Opinião
O jornalismo brasileiro perdeu, ontem, um grande talento: o meu amigo Sebastião Nery, aos 92 anos, com o qual tive o prazer de conviver em Brasília. Dos seus livros, já li e reli “A Nuvem”, o melhor de tantos outros que escreveu ao longo da sua longa trajetória profissional e política.
Político com mandatos na Bahia e no Rio de Janeiro, Ney foi repórter e colunista de alguns dos principais jornais brasileiros, escreveu mais de uma dezena de livros e assinou a coluna Contraponto, na Folha, de 1975 a 1983. Em “A Nuvem”, livro extraordinário, misto de memórias e manifesto político-sentimental, conta a história impressionante de sua vida.

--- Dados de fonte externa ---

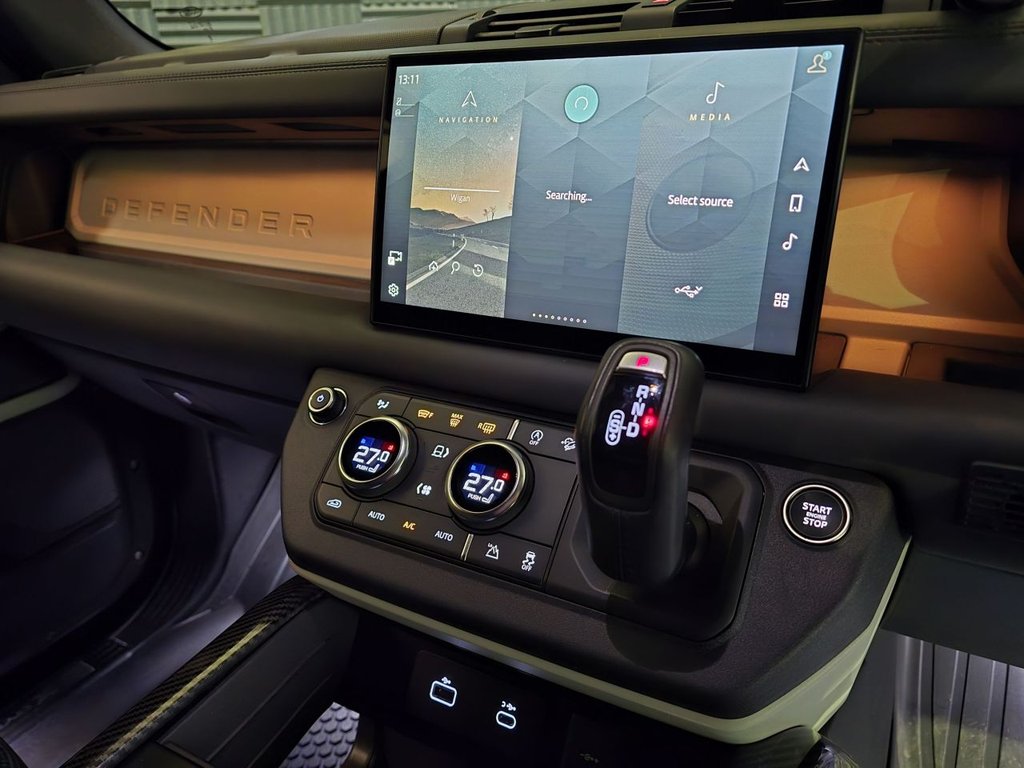 Used Land Rover Defender 2023 for sale - 77572010: Photo 15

Conta também a histórias das pessoas, escritores, artistas e políticos – principalmente políticos – com os quais conviveu. Meio século de uma vida que se confunde com a nossa história contemporânea. Se erguemos os olhos para acompanhar a trajetória tão rica e fecunda da nuvem de Sebastião Nery, veremos que ela não é nem um pouco passageira.
Veio para ficar. Todo grande personagem é inspirado por uma entidade que o orienta, auxilia ou abandona. Napoleão por sua estrela (da qual Josefina seria a personificação), Sócrates por seu demônio, Joana d’Arc por suas “vozes”, Sebastião Nery por sua nuvem. Uma nuvem que, por sinal, fez chover na sua horta, tornando-o um dos mais respeitados e polêmicos jornalistas brasileiros e cronista-mor da nossa época.

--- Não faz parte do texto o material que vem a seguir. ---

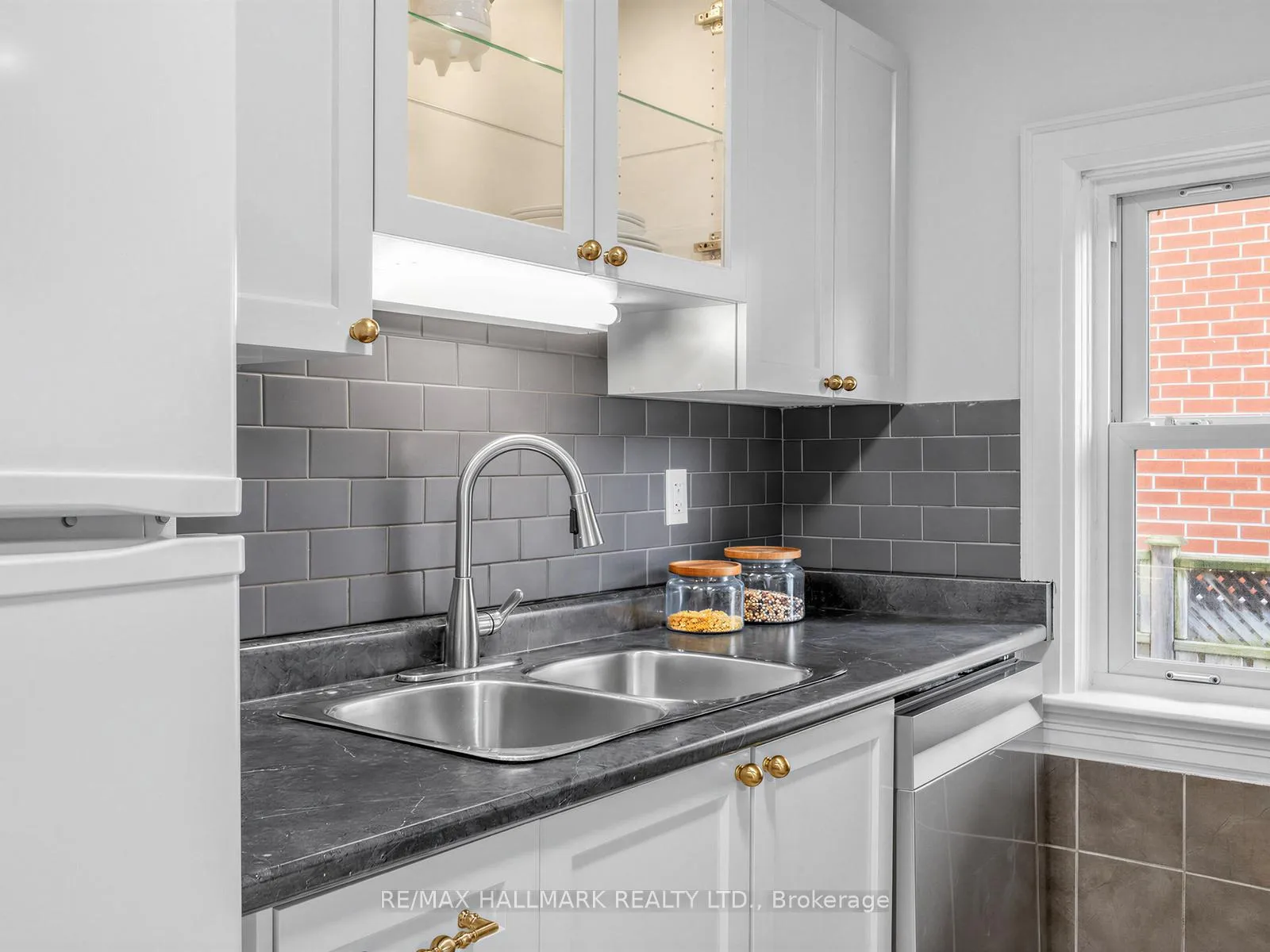 Photo 14 of 958 Greenwood Avenue, Toronto, Danforth Village-East York — HOMEH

Além de professor, advogado e político, Sebastião Nery foi um homem de letras, na acepção mais ampla do termo. A Nuvem merece agora figurar entre os memorialistas do calibre de Graciliano Ramos e de Pedro Nava. Sobre política, Nery, que foi político – deputado, conselheiro de políticos, adido cultural de governos no exterior – deixou uma conclusão amarga: “A política tem uma coisa péssima: ela atrai demais os maus, porque o poder é quem manda, e quem manda no poder é a política. Quando instrumento do mal, ela duplica o mal”, escreveu.

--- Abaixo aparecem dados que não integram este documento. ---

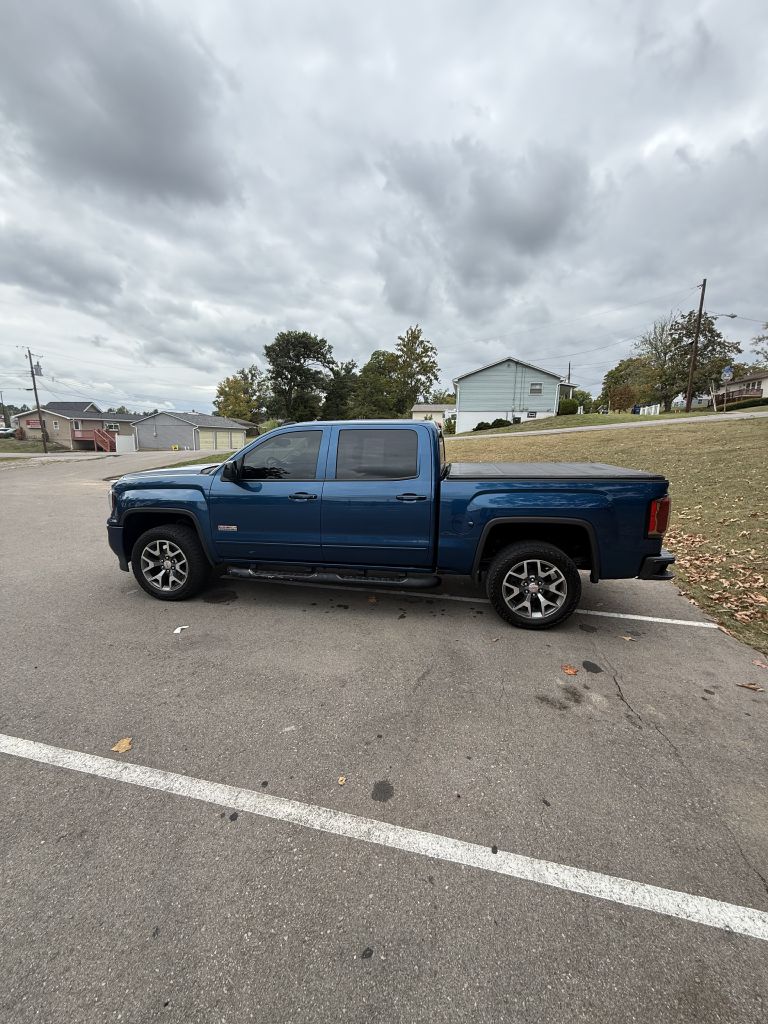 Photo 7 of this GMC SIERRA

UMA VIAGEM PELO MUNDO – “A Nuvem” inicia-se em 1944, quando o precoce menino Sebastião é levado de sua Jaguaquara natal para o seminário, e encerra-se quando do seu retorno da adorada Paris para o Brasil, em 1994. Proporcionando-lhe uma formação acadêmica invejável, após dotá-lo do intenso amor ao saber que resultou em erudição caudalosa, a nuvem de Nery conduziu-o pelo mundo inteiro como jornalista e adido cultural, e por todo o Brasil nas campanhas políticas mais efervescentes da nossa volátil democracia, como as de Juscelino em 1955 e das Diretas em 1984.